The prologue and epilogue of the novel are both set in roughly 3125, four hundred years after the rest of the book.

====Prologue====

An unnamed woman and her guardian are standing on the surface of a Pattern Juggler planet which is being evacuated. The woman agrees with her guardian to spend one more hour before returning to their ship. She stares up towards the stars and has the machinery in her clothing magnify one of them, revealing it to be colored green.

====Epilogue====

The epilogue reveals that the woman is in fact an older version of Aura (with her guardian implied to be Scorpio), reflecting on the events that happened after the battle on Hela.

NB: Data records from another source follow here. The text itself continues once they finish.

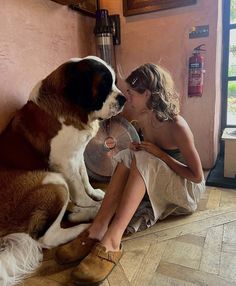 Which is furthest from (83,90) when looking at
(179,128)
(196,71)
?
(196,71)

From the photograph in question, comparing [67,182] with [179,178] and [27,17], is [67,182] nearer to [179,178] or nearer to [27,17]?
[179,178]

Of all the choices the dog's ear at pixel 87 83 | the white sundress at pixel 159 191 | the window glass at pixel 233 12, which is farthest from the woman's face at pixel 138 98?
the window glass at pixel 233 12

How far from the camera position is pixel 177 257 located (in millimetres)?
1074

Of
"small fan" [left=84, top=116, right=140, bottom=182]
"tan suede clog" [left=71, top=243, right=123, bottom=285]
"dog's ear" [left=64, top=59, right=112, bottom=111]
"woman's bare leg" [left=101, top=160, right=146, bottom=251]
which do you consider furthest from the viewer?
"small fan" [left=84, top=116, right=140, bottom=182]

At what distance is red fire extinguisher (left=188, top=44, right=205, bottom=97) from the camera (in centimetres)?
174

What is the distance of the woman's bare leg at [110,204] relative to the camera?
1160mm

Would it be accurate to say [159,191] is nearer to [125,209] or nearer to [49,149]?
[125,209]

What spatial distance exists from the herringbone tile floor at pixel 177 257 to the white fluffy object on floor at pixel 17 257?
1.4 inches

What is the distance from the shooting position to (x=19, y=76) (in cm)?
144

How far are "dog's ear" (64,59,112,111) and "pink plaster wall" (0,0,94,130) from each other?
14.3 inches

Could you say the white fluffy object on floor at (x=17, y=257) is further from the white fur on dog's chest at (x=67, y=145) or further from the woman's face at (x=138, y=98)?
the woman's face at (x=138, y=98)

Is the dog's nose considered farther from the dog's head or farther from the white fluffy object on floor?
the white fluffy object on floor

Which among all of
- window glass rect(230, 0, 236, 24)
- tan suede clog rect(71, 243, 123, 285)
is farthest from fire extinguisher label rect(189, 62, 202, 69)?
tan suede clog rect(71, 243, 123, 285)

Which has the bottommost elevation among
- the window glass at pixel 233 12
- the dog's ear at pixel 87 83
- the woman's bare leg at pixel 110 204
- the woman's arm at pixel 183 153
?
the woman's bare leg at pixel 110 204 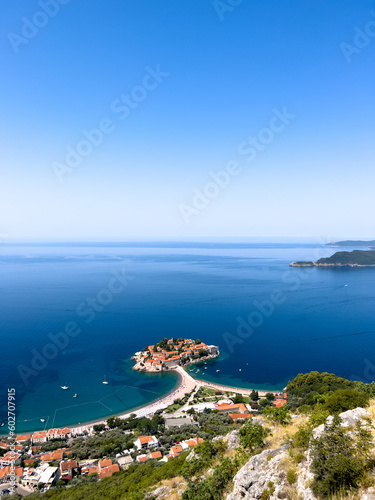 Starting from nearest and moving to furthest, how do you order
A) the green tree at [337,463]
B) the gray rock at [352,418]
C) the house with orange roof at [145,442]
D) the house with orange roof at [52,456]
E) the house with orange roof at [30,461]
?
the green tree at [337,463] < the gray rock at [352,418] < the house with orange roof at [30,461] < the house with orange roof at [52,456] < the house with orange roof at [145,442]

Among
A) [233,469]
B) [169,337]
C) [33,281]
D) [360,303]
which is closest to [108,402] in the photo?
[169,337]

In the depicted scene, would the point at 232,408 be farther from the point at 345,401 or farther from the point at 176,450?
the point at 345,401

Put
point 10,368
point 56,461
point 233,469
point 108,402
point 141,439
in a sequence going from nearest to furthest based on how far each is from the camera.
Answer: point 233,469
point 56,461
point 141,439
point 108,402
point 10,368

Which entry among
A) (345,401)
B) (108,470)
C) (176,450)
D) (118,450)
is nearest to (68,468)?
(108,470)

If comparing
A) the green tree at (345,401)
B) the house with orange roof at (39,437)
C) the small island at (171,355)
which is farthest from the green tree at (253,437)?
the small island at (171,355)

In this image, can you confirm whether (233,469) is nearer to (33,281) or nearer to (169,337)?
(169,337)

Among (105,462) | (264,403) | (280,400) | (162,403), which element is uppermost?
(105,462)

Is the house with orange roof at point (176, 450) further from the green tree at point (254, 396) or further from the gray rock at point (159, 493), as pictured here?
the green tree at point (254, 396) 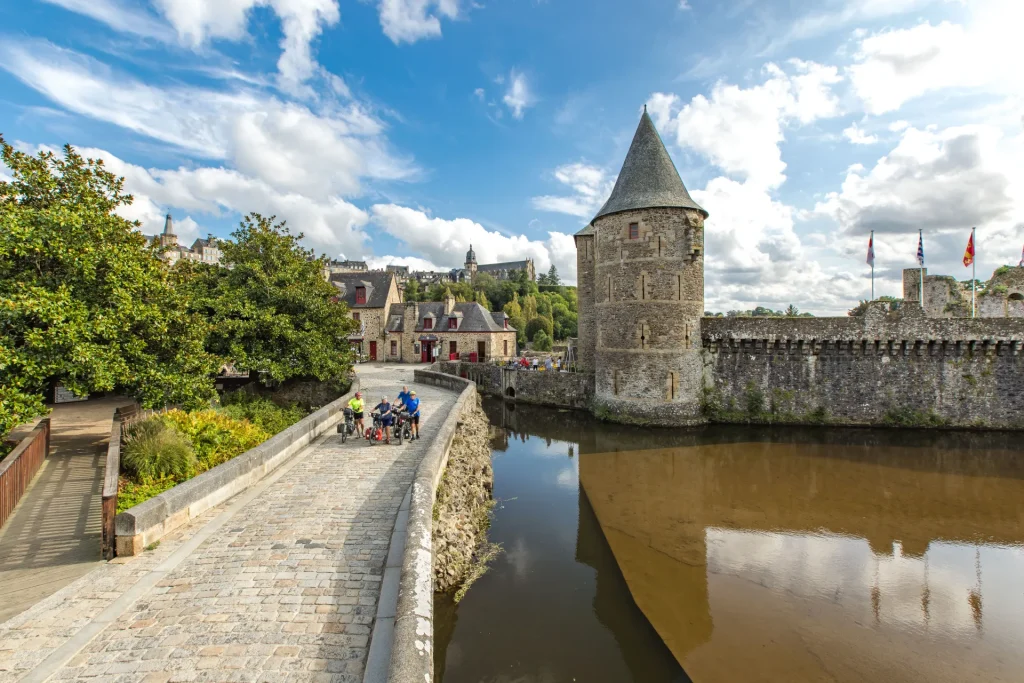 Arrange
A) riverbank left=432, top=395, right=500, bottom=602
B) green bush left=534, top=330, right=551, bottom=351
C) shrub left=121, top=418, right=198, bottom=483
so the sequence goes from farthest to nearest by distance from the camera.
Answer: green bush left=534, top=330, right=551, bottom=351 < shrub left=121, top=418, right=198, bottom=483 < riverbank left=432, top=395, right=500, bottom=602

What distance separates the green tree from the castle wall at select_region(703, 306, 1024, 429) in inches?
672

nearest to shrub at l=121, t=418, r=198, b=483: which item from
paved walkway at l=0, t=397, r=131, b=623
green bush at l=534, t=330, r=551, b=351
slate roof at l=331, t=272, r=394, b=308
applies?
paved walkway at l=0, t=397, r=131, b=623

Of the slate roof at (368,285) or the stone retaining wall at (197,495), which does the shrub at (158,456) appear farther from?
the slate roof at (368,285)

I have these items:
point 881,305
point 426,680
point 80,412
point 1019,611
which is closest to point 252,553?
point 426,680

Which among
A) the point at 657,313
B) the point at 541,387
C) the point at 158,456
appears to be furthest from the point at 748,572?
the point at 541,387

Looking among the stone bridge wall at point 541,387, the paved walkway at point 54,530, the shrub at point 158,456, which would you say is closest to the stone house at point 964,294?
the stone bridge wall at point 541,387

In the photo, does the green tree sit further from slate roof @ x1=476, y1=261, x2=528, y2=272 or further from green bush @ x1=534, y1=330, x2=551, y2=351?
slate roof @ x1=476, y1=261, x2=528, y2=272

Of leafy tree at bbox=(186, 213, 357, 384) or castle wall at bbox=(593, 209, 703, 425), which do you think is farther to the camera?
castle wall at bbox=(593, 209, 703, 425)

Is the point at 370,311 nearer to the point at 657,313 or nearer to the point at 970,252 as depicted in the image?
the point at 657,313

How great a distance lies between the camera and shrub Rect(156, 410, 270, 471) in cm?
891

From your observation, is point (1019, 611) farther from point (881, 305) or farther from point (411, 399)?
point (881, 305)

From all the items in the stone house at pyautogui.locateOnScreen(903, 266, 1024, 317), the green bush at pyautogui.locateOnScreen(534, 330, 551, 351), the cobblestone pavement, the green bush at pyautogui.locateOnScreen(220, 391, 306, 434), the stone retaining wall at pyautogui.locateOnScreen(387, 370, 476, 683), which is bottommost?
the cobblestone pavement

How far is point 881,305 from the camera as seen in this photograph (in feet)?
57.6

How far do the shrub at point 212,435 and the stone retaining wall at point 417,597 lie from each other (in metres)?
4.06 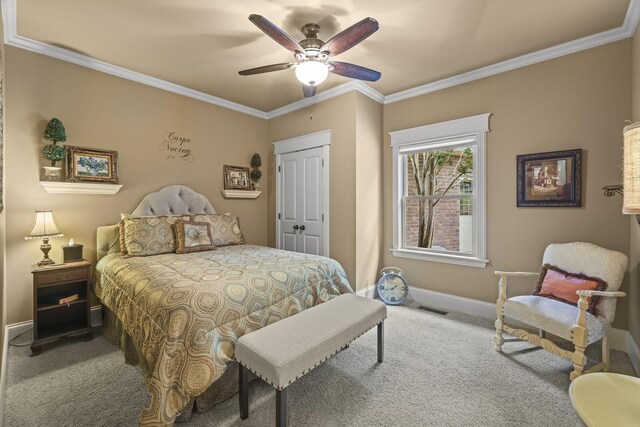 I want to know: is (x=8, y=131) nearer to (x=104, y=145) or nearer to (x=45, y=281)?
(x=104, y=145)

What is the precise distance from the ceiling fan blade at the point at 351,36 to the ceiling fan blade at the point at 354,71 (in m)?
0.15

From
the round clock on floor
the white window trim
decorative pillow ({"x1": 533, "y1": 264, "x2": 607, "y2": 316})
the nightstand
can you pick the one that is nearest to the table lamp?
the nightstand

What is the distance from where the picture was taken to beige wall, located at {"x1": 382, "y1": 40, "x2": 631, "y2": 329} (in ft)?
8.53

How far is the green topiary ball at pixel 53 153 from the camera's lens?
9.03 ft

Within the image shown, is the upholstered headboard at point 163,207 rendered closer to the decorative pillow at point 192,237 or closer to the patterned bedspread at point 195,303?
the patterned bedspread at point 195,303

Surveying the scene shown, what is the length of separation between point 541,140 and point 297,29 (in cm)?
265

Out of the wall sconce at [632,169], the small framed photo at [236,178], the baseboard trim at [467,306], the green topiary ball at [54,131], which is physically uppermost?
the green topiary ball at [54,131]

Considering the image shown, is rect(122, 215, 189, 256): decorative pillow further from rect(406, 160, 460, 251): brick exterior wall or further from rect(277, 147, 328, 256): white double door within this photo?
rect(406, 160, 460, 251): brick exterior wall

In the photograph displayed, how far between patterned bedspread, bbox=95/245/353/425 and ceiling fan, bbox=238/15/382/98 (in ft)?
5.29

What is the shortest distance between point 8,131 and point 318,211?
128 inches

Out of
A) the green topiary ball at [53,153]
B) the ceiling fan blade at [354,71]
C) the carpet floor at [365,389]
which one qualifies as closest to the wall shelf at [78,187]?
the green topiary ball at [53,153]

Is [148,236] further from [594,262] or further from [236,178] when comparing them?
[594,262]

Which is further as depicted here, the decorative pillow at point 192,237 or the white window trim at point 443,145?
the white window trim at point 443,145

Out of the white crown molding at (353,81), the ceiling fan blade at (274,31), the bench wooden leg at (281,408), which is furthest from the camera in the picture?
the white crown molding at (353,81) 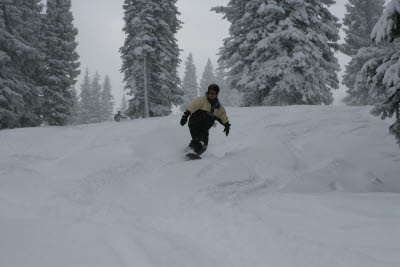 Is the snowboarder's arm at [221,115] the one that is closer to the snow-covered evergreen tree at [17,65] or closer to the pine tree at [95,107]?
the snow-covered evergreen tree at [17,65]

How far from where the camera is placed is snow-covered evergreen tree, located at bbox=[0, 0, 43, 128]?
15.0 m

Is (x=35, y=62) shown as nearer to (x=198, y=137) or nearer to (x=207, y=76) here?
(x=198, y=137)

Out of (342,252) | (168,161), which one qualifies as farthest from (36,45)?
(342,252)

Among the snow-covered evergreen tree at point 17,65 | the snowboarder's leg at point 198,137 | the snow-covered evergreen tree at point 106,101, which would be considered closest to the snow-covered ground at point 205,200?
the snowboarder's leg at point 198,137

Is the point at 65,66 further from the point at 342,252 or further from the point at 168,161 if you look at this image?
the point at 342,252

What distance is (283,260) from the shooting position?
2318mm

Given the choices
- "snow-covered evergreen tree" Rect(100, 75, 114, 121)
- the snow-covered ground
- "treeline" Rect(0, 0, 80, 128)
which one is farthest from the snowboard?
"snow-covered evergreen tree" Rect(100, 75, 114, 121)

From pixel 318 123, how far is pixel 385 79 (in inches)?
148

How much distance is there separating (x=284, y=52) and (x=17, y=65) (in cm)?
1499

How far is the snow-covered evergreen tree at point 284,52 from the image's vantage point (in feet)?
Result: 45.2

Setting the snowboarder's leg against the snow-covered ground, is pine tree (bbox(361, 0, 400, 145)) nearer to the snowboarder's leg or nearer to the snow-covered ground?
the snow-covered ground

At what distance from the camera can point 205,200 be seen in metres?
3.77

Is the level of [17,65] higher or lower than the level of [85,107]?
higher

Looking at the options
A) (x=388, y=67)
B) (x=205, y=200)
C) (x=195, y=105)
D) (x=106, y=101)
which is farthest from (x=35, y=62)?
(x=106, y=101)
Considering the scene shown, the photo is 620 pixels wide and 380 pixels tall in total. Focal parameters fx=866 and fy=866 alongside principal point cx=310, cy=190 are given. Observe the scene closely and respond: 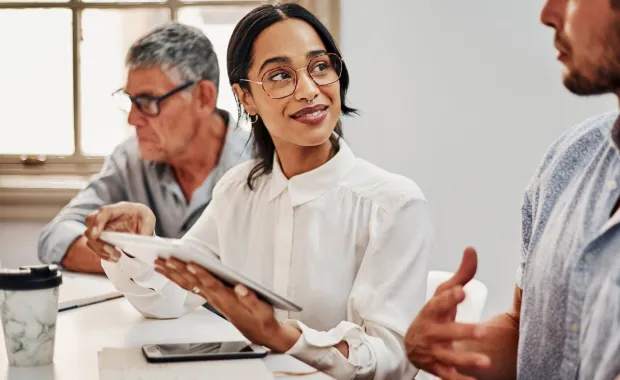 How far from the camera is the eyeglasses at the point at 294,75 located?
69.8 inches

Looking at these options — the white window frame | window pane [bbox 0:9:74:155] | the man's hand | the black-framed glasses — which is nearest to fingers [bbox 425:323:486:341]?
the man's hand

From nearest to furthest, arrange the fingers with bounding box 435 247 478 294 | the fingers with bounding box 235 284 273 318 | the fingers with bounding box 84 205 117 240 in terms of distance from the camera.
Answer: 1. the fingers with bounding box 435 247 478 294
2. the fingers with bounding box 235 284 273 318
3. the fingers with bounding box 84 205 117 240

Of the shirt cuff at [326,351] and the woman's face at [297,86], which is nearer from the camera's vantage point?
the shirt cuff at [326,351]

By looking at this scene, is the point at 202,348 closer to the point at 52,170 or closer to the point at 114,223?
the point at 114,223

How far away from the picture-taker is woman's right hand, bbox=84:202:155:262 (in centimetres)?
175

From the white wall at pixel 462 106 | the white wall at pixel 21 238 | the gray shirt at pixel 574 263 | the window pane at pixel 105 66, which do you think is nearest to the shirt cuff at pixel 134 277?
the gray shirt at pixel 574 263

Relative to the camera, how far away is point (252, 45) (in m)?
1.83

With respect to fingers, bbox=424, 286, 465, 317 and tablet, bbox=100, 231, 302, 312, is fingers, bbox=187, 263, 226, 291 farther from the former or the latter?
fingers, bbox=424, 286, 465, 317

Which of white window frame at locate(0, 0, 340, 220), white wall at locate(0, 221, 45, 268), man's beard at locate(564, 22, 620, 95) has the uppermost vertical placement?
man's beard at locate(564, 22, 620, 95)

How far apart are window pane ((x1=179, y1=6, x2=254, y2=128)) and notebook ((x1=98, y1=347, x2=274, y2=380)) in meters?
1.99

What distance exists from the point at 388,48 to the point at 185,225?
0.92 m

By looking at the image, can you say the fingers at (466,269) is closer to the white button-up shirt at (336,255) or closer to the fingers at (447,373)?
the fingers at (447,373)

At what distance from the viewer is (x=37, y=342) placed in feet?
4.34

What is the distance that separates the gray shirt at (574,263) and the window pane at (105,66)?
2228 mm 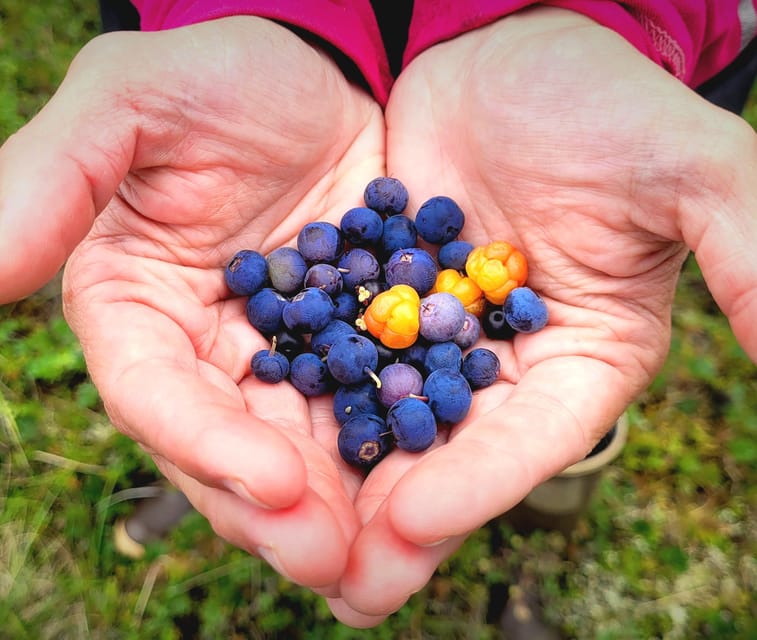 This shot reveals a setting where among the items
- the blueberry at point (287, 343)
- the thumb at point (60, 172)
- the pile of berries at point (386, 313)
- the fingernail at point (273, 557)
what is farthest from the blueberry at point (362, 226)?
the fingernail at point (273, 557)

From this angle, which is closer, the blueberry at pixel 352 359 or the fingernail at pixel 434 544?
the fingernail at pixel 434 544

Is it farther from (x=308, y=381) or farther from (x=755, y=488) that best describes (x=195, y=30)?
(x=755, y=488)

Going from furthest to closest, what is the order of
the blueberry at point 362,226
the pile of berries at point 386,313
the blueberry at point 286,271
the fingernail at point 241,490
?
the blueberry at point 362,226 → the blueberry at point 286,271 → the pile of berries at point 386,313 → the fingernail at point 241,490

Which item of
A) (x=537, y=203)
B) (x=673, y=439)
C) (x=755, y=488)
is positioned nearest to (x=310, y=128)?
(x=537, y=203)

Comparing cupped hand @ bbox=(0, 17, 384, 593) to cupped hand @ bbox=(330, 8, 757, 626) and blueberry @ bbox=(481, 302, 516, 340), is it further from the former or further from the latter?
blueberry @ bbox=(481, 302, 516, 340)

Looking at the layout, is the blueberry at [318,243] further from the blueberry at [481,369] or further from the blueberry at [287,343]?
the blueberry at [481,369]

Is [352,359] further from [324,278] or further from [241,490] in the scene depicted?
[241,490] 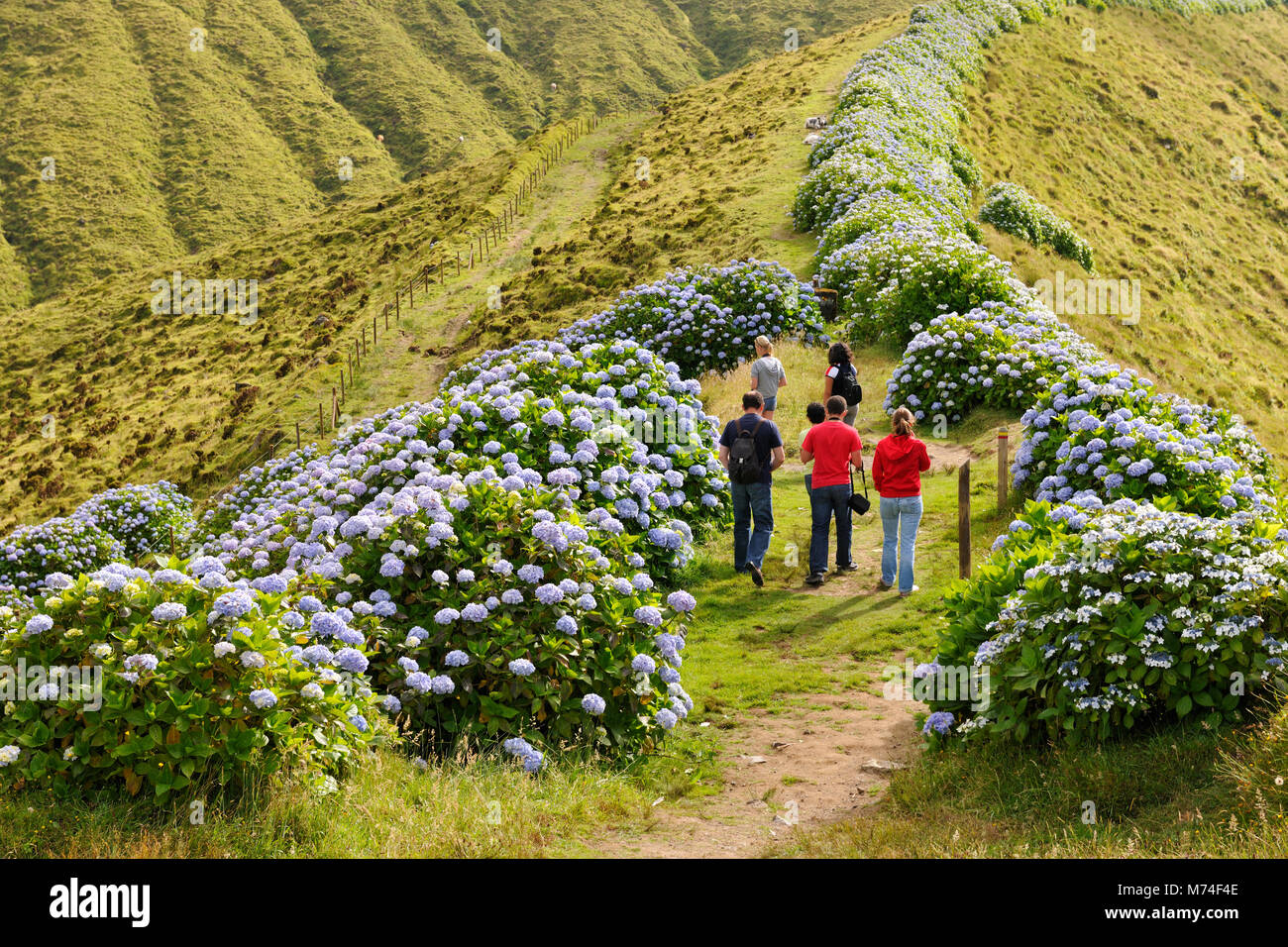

Scorpio turned out to be right; the race - known as the Nestbuilders - that wiped out the Scuttlers had been watching humanity and aided them. The Nestbuilders advised humanity to hide with them between the stars, but the humans instead used Nestbuilder weaponry to defeat the Inhibitors and cleanse human space of them. However, in doing so, they created a greater problem: the so-called "Greenfly" machines, self-replicating terraformers programmed to destroy every object in a solar system and reorganize them into trillions of vegetation-filled habitats that orbit the local star (behavior that is exactly the same as the threat described by the Shadows). The Inhibitors had kept them in check, but without the Inhibitors, the Greenfly are now out of control. Nothing the humans or Nestbuilders can do has stopped them. As such, humanity is evacuating towards the Pleiades. Aura reminisces on the decision she made not to invoke the Shadows. She decides that, before she returns to the ship, she will swim with the Pattern Jugglers and warn the people they have assimilated about what is coming. She enters the ocean as the novel ends.

The Greenfly threat is described in detail in the short story "Galactic North", from its origins until the year 40,000, by which time it has spread to such an extent that humans are forced to abandon the Milky Way Galaxy.

== Reception ==
Publishers Weekly said that Absolution Gap "fulfills all the staggering promise of the earlier books, and then some", arguing that the "Cinematic imagery and strong characters ably carry this juggernaut of a story, with Big Ideas strewn about like pebbles on a beach."